「七転び八起き」とは?
「七転び八起き」の読み方は「ななころびやおき」。「何度失敗してもめげることなく、転ぶたびに奮起して立ち直ること」という意味です。
この意味から転じて、「人生には浮き沈みが多いこと」を例える言葉としても使われます。
「七転び八起き」と同じ意味の四字熟語に「七転八起(しちてんはっき)」があります。「七転八起」は「七転び八起き」と同じ語源をもっており、「ななころびやおき」と読む場合もあるのであわせて覚えておきましょう。
「七転び八起き」の語源
「七転び八起き(七転八起)」は、中国の故事「七顛八起(しちてんはっき)」から生まれたことわざといわれています。
「七顛八起」の「顛」は、「逆さになる」「ひっくり返る」という意味。転ぶとは少し意味が違いますが、日本では「顛」の字が使われなくなったため、「七転び八起き」や「七転八起」と表記されるようになりました。
「七転び八起き」はなぜ「七」と「八」?
「七転び八起き」は、転ぶ回数と起き上がる回数があっていなくておかしいと思う人もいるかもしれませんね。七回と八回で回数があっていないのは、「七転び八起き」の由来が仏教にあるためといわれています。
仏教では、人は最初から自分で歩けるわけではなく、周囲の人の力を借りてはじめて起き上がれるようになるといわれています。このはじめの1回を「1」と数えるので、起き上がる回数が1回多くなり「七転び八起き」になるのです。
また、「七」と「八」はどちらも「数が多い」という意味があり、「七転び八起き」では実際の数である7と8を意味しているわけではありません。さらに「八」はとても縁起のいい数とされています。これらのことから「七顛八起(しちてんはっき)」の故事が生まれ、「七転び八起き」になったといわれています。
「七転び八起き」と「七転八倒」の違い
「七転び八起き」に似た字面の四字熟語に「七転八倒」がありますが、この2つはまったく異なる意味の言葉です。
「七転八倒」は、何度も転び倒れ続けるというネガティブなニュアンスの四字熟語です。何度転んでも起き上がる前向きな「七転び八起き」とは逆の意味合いの言葉ですね。
「七転び八起き」の使い方・例文
「七転び八起き」の意味がわかったら、次は言葉としての使い方を例文でイメージしてみましょう。
・七転び八起きし、強い企業に成長した。
・七転び八起きの人生から得た教訓を孫に聞かせる。
「七転び八起き」の類語・言い換え表現
「七転び八起き」の類語は、「捲土重来(けんどちょうらい)」「不撓不屈(ふとうふくつ)」「百折不撓(ひゃくせつふとう)」です。それぞれの意味や使い方をおさえておきましょう。
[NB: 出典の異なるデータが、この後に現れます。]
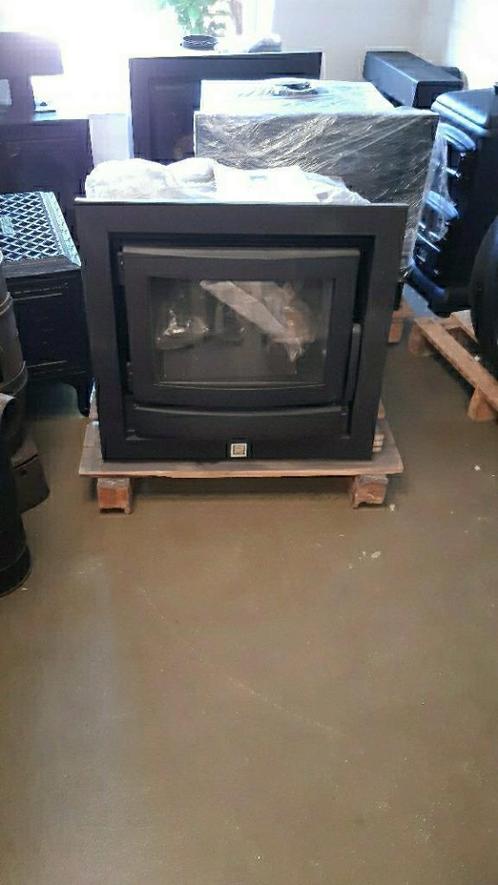 Prijsstunt nieuwe inzet gashaard van Nestor Martin, Doe-het-zelf en Bouw, Verwarming en Radiatoren, Nieuw, Kachel, Ophalen of Verzenden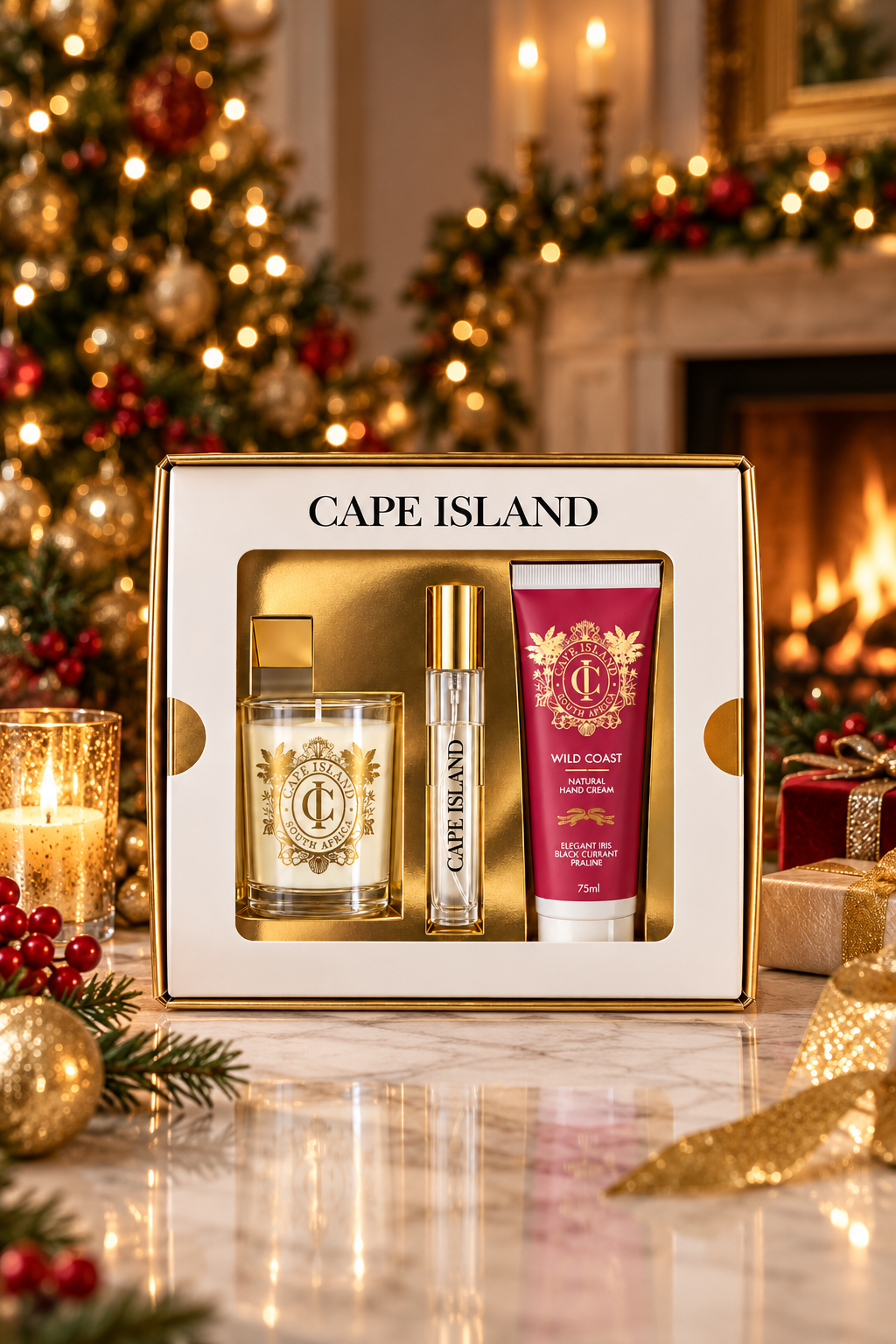 Signature trio gift box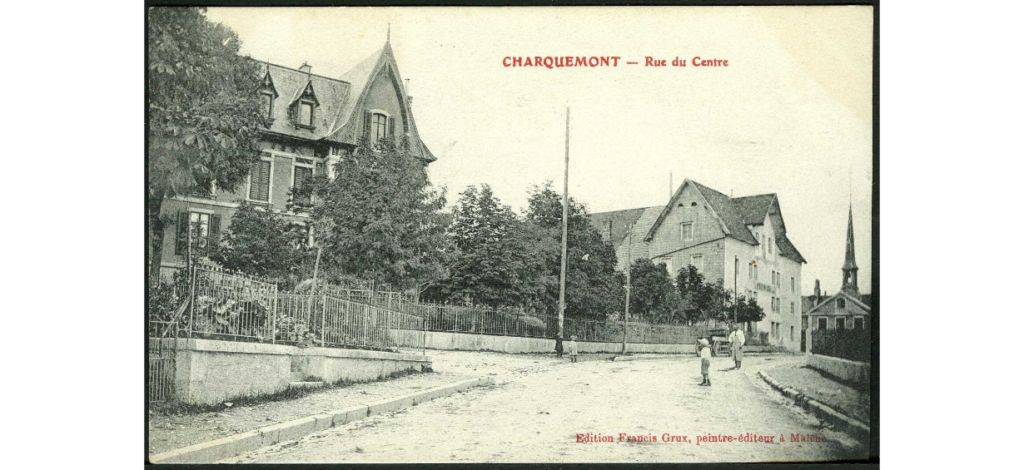 Carte postale de Charquemont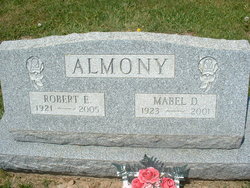 Mabel D “Dee” <I>Boyer</I> Almony 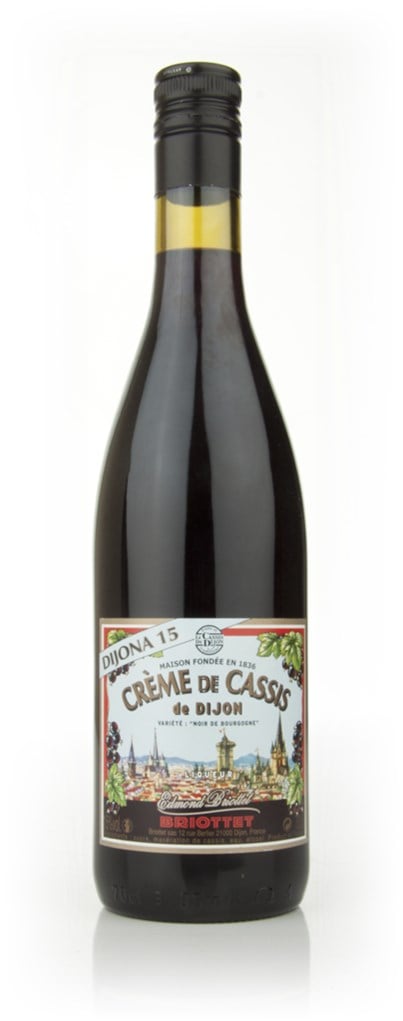 Edmond Briottet Crème de Cassis de Dijon (Blackcurrant Liqueur) 15%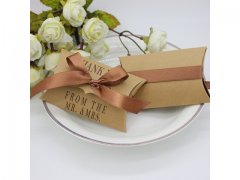 50X Thank YOU Kraft Pillow Box Sweets Candy Gift Boxes 50X Thank YOU Kraft Pillow Box Sweets Candy Gift Boxes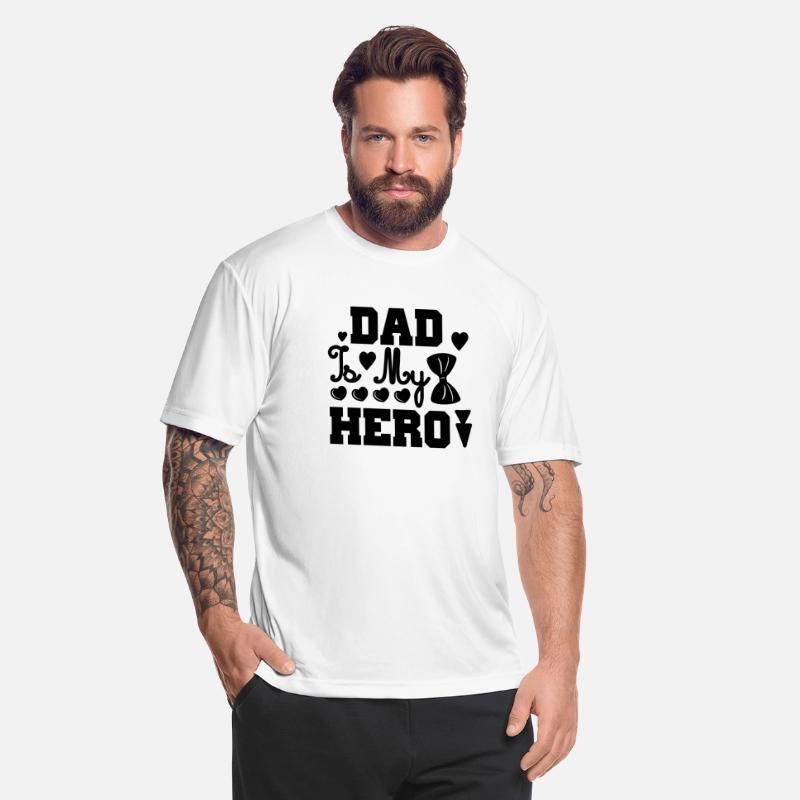 Dad Is My Hero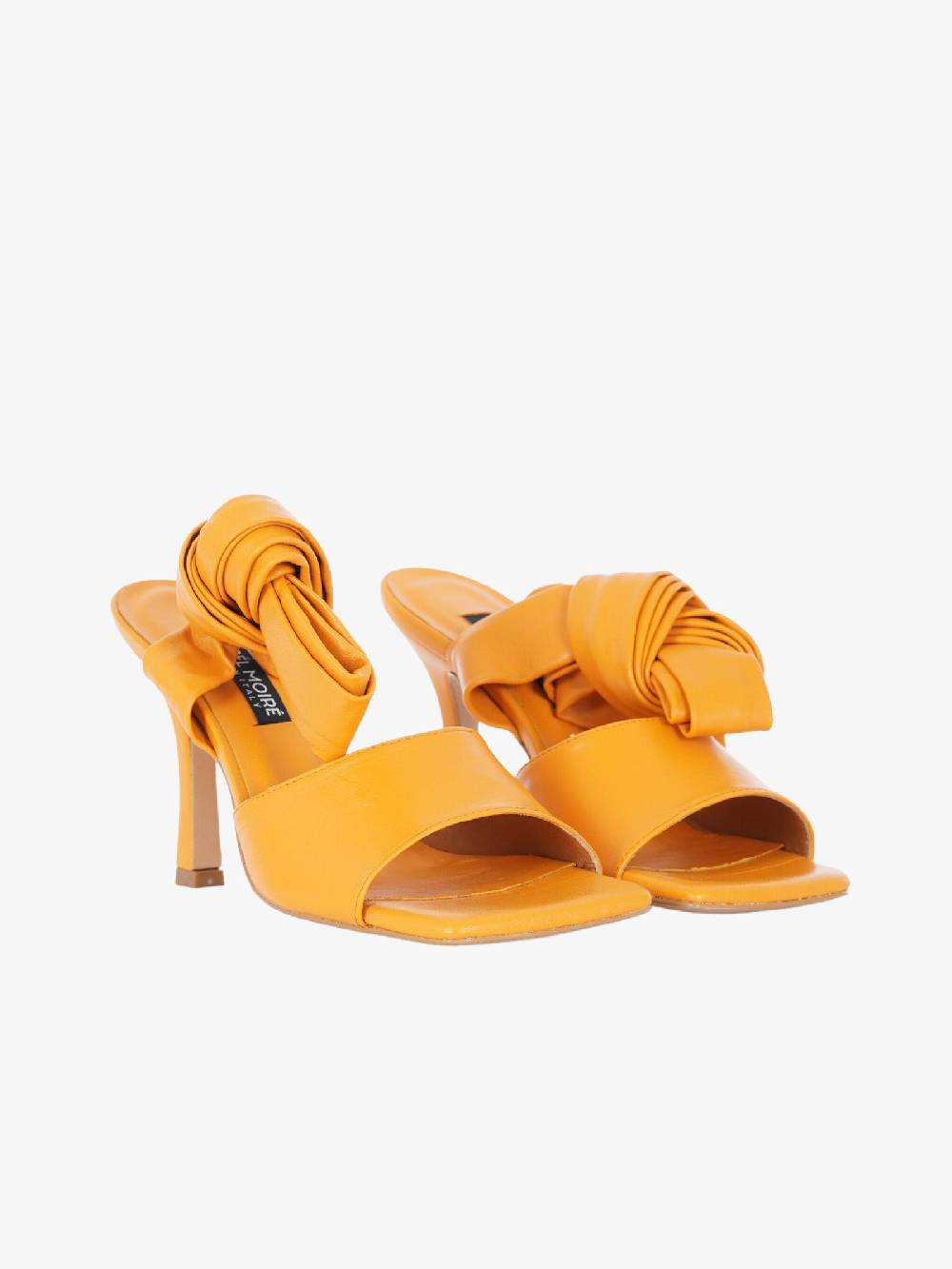 GISEL MOIRE Sandali Caracas Donna In Pelle Arancione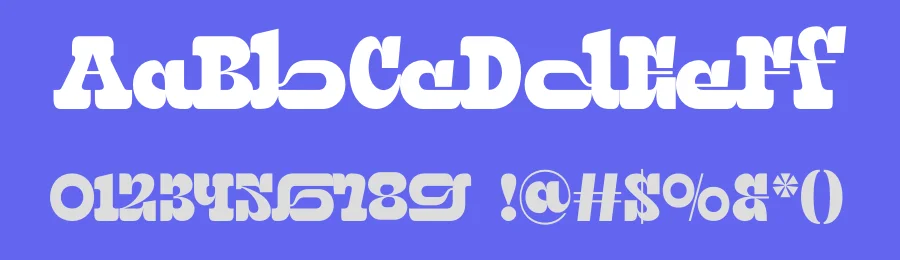Qebica Font by MaikoHatta — Display Font — thumbnail 3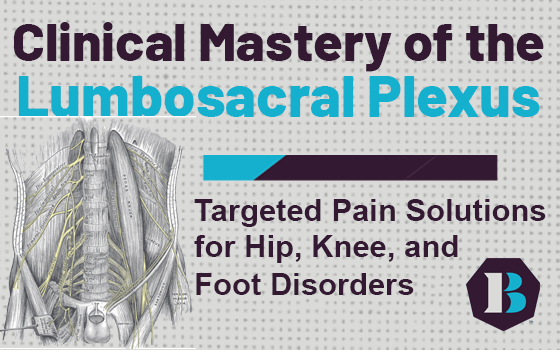 Clinical Mastery of the Lumbosacral Plexus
一度敗れたり失敗したりした者が、再び勢いを盛り返して巻き返すこと。一度失敗した者が再挑戦すること
【例文】
悔しさを肥やしに捲土重来を期す。
強い意志をもって、どんな苦労や困難にもくじけないこと
【例文】
不撓不屈の精神を発揮する。
何度失敗して挫折感を味わっても、くじけずに立ち上がること。どんな困難にも臆せず、初めの意志を貫くこと
【例文】
百折不撓を貫く。
「七転び八起き」は英語だと?
「七転び八起き」を英訳するときは、次のような表現が使えます。
ups and downs of life:人生の浮き沈み
A man’s walking is a succession of falls.:人生は転びの連続だ
When life gives you lemons, make lemonade.:酸っぱいレモンを差し出されたら、甘いレモネードを作りなさい(逆境にあろうとも、それに負けずにベストを尽くせ。ピンチをチャンスに変えろという意味のことわざ)
Failure is the stepping stone to success.:失敗は成功への踏み石である
The flower that blooms in adversity is the rarest and most beautiful of all.:逆境の中で咲く花は、どの花よりも貴重で美しい
「七転び八起き」の訳としては、このうちの「A man’s walking is a succession of falls.」が用いられる場合が多いです。
「七転び八起き」を上手に使おう
「七転び八起き」の意味は「何度失敗してもめげることなく、転ぶたびに奮起して立ち直ること」「人生には浮き沈みが多いこと」です。
ポジティブなニュアンスのことわざで、座右の銘としてもよく用いられます。正しい意味を頭に入れておき、上手に使えるようになりましょう。